Deve-se assumir também a possibilidade de cometimento de delitos em âmbito virtual, e, neste caso, questiona-se, como ficaria a lógica de aplicação do crime continuado, notadamente no que tange ao critério espacial?
Questiona-se tal ponto dado o fato de ser notório os diversos meios de ocultar, ao máximo, a sua localização no meio virtual, utilizando-se de diversos servidores distintos como meio de esconder sua real localização, o que dificultaria a verificação do quesito de espacialidade.

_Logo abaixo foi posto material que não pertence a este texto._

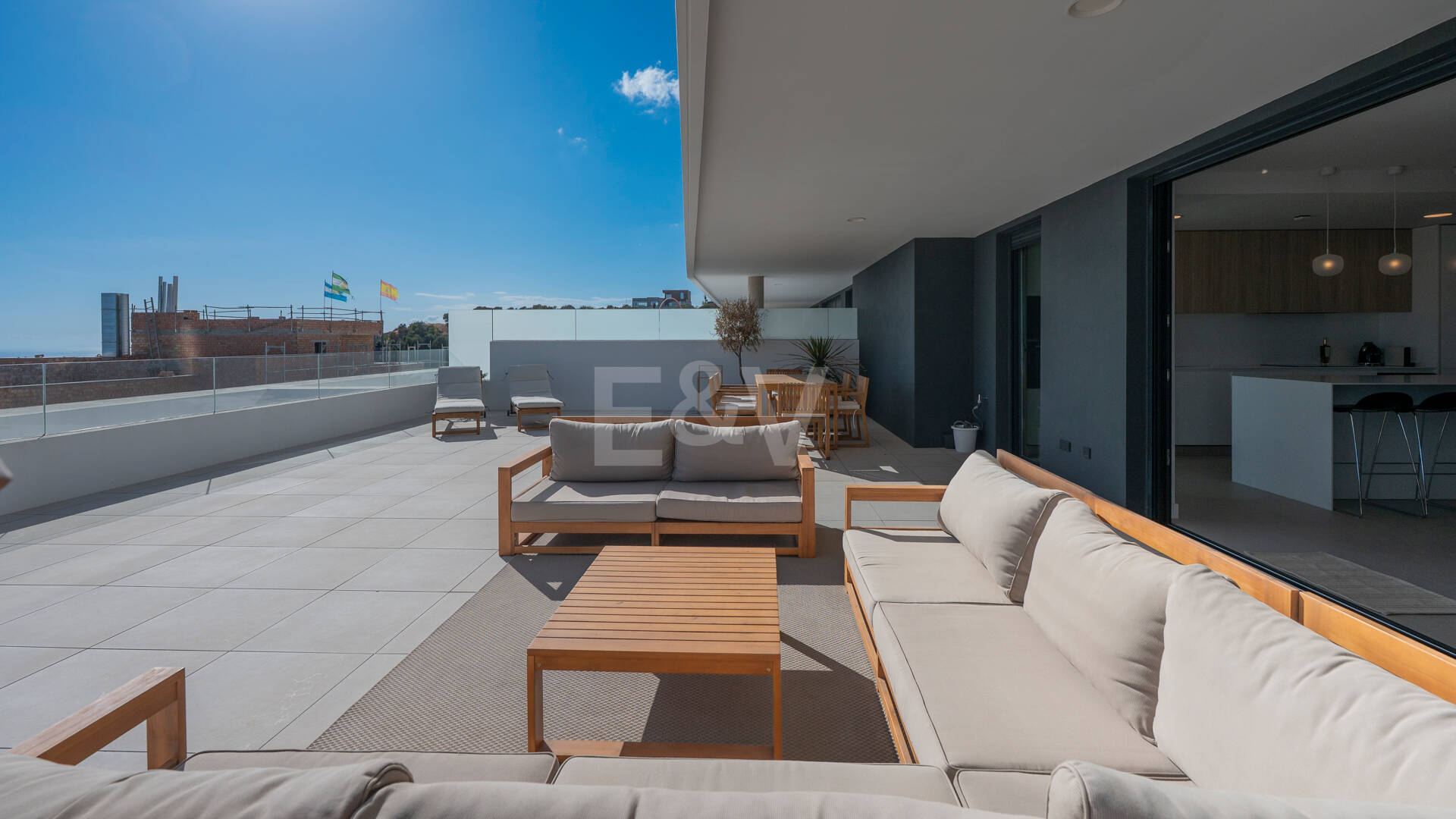 Apartamento Contemporáneo de 3 Dormitorios con Espectacular Terraza y Vistas al Mar en MedBlue, Altos de los Monteros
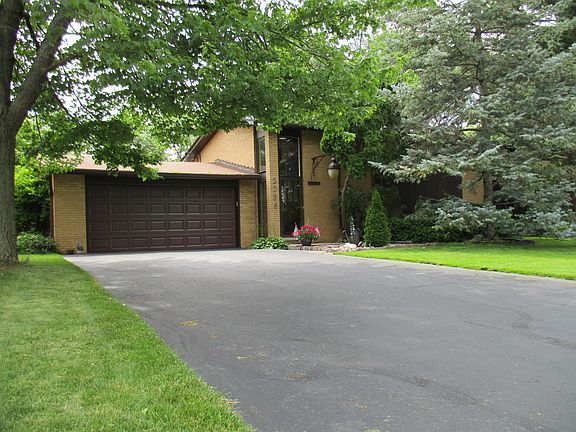 2nd image of 2738 Berry Dr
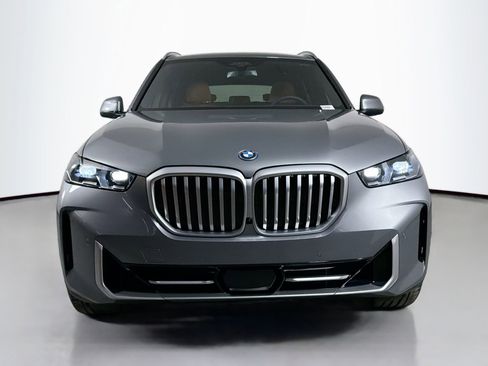 New 2026 BMW X5 xDrive50e image 2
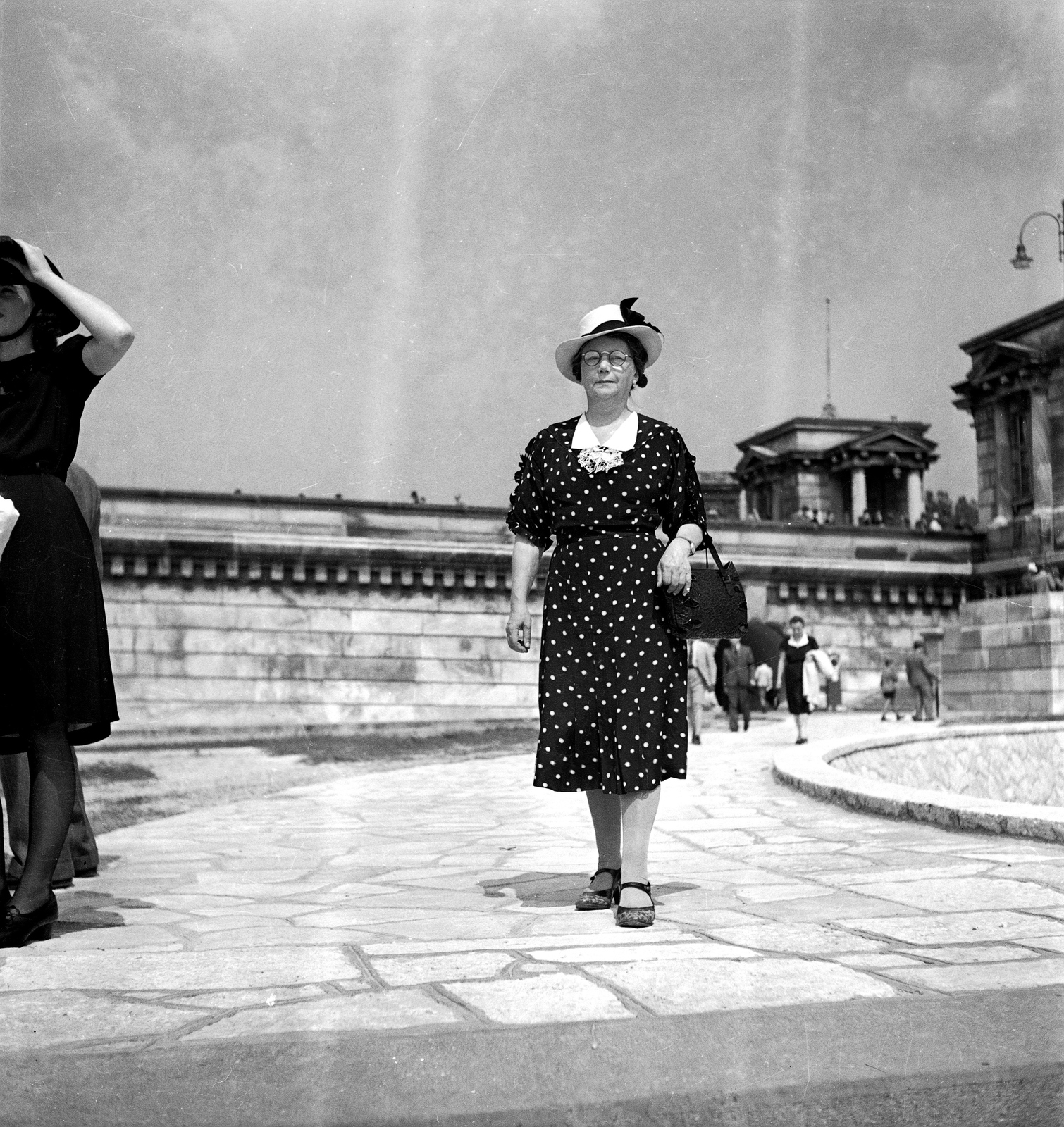 Hungary, Budapest V., a Széchenyi Lánchíd pesti hídfője., 1939, Glázer Attila, hat, glasses, bag, lady, Budapest, summer dresses, dotted dress, long collar, Fortepan #117869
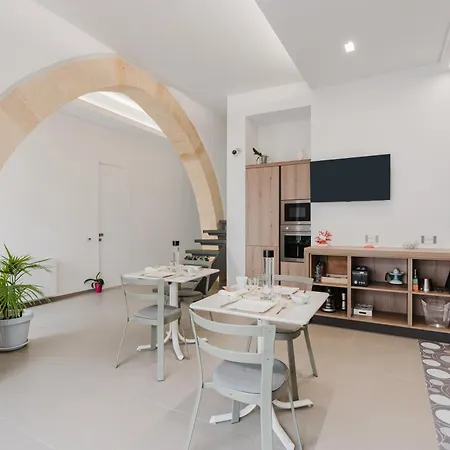 Casa Umeli With Jacuzzi And Sauna Bed & Breakfast 4*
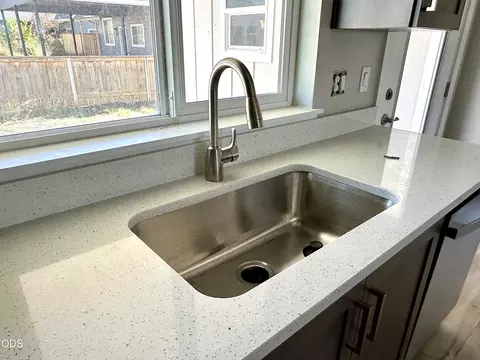 Kitchen - 315 E Rapp Rd, Talent, OR 97540 photo 6 of 9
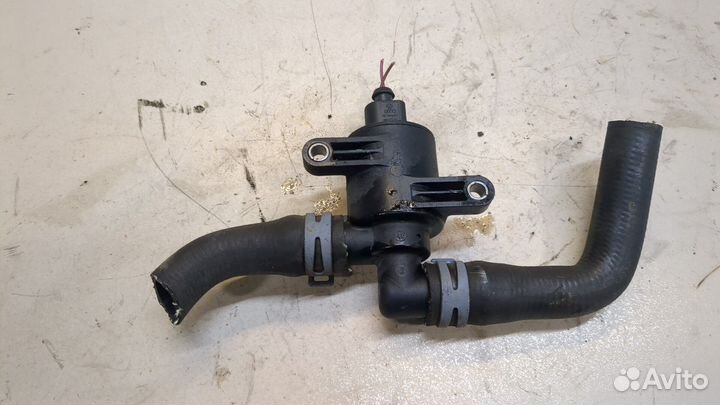 Насос водяной Audi A5 (8T)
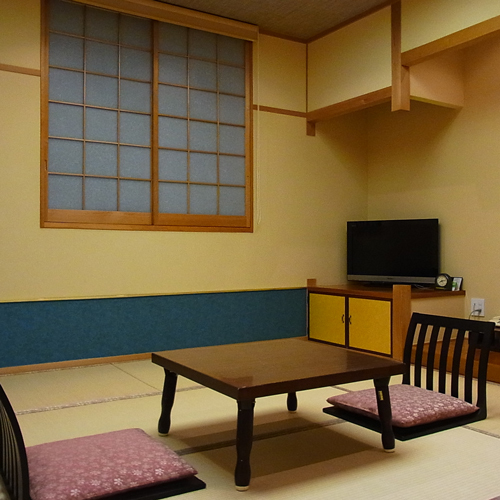 和室家族旅行やご友人とのグループ旅行に。和の温もり溢れるお部屋でのんびりとお過ごし下さい。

Imaginemos um estelionatário que utiliza do meio virtual para praticar os seus delitos. Como seria possível identificar de forma precisa de quais locais ele praticou cada empreitada criminosa?
Vejamos que ele pode estar no Estado de Minas Gerais, enquanto a vítima se encontra em São Paulo, sendo que, quando realizada a verificação, por exemplo, de sua localização via IP, constatou-se que este até mesmo praticou delitos supostamente fora do Brasil, em razão das diversas máscaras de rede utilizadas.
Qual o caminho a ser seguido? Será aplicada uma presunção de que todos os delitos foram praticados dentro do Brasil, desconsiderando, assim, a necessidade de aferição do real local do cometimento do delito?
Ou aplicaremos simplesmente o art. 6º do Código Penal e realizaremos a aferição de espacialidade do crime continuado considerando a localização da vítima?
Aguardemos a aparição de um caso de grande repercussão para vermos a saída que os tribunais adotarão para tal imbróglio ora lançado. De certo, não se poderá recusar a aplicação de tal instituto, sendo esta uma benesse ao infrator, independentemente do meio utilizado para a prática do delito.